心を大事すると言って罪悪を造る

よく自分の心を大事にしなければ、と言って、自分の心に無理をかけることは良くないと思いを通す人がいるが、仏教では、そういう人は、たいてい邪欲という罪悪を犯してゆく。
邪欲とは、他人に振り回されたくないと思って、楽になりたい、自由に振る舞いたいという感情から起きてくる罪悪で、そんな心で、まわりの人の存在を軽く見たり、無視することで、生み出す罪悪。
これは他人がいると、その人から悪く思われているのではないかと気にして、相手の顔色を窺っている人が、こんなに気を遣うのは苦しいから、もう気を遣いたくない、自由に振る舞いたいという心から、相手の存在を考えずに自分のやりたいことをしたいと思ってすると、それが邪欲という罪悪になる。
では、邪欲とは、どんな罪か?
それはどんなに自由に振る舞いたいと思ったとしても、その為に相手の心を軽く見たり、無視して、自分の思いを通すと、その報いで、まわりの人から自分の存在を軽く見られているのではないかという不安が起こり、自分の存在を軽く見られたくない、馬鹿にされたくないという感情が起きてくる。
だから、自分のことを馬鹿にされない為に、必要以上に自分の存在を大きく見せたり、自分が如何に価値のある人間かということを誇示したり、まわりの人と比べて自分が上か下かということが気になるようになる。
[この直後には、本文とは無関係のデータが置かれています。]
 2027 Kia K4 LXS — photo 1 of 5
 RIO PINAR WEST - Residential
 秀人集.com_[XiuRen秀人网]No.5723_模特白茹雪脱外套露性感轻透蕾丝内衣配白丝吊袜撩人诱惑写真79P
でも、どんなに頑張って、自分が価値のある人間だということを示したとしても、それによって、まわりの人を見下したならば、その起こした感情によって、今度は自分が見下されているように感じて苦しむ。
だから、どれだけ自分が価値のある人間だと示したとしても、ちょっとでも、自分の思い通りにならなかったとしたら、自分は糞のような価値のない、みんなから嫌がられる存在のように感じて苦しむし、そんな時は怒りを起こして、自分のことを馬鹿にするなんて許せないと相手を責める。
そして、今度は力で相手をねじ伏せた分だけ、常に自分が価値のある人間だということを認めさせられなかったならば、自分の心が潰されて、血塗れになるように感じて、必死になって自分の価値を認めさせようとする。まさに自分の心が生み出した落とし穴に自分がはまって苦しむのが罪悪。
そして、この苦しみを生み出すのが、邪欲であり、その心が起きるきっかけは、他人に縛られたくないという思い。
本当に心に任せていたら、苦しみはどんどん深くなるだけですね。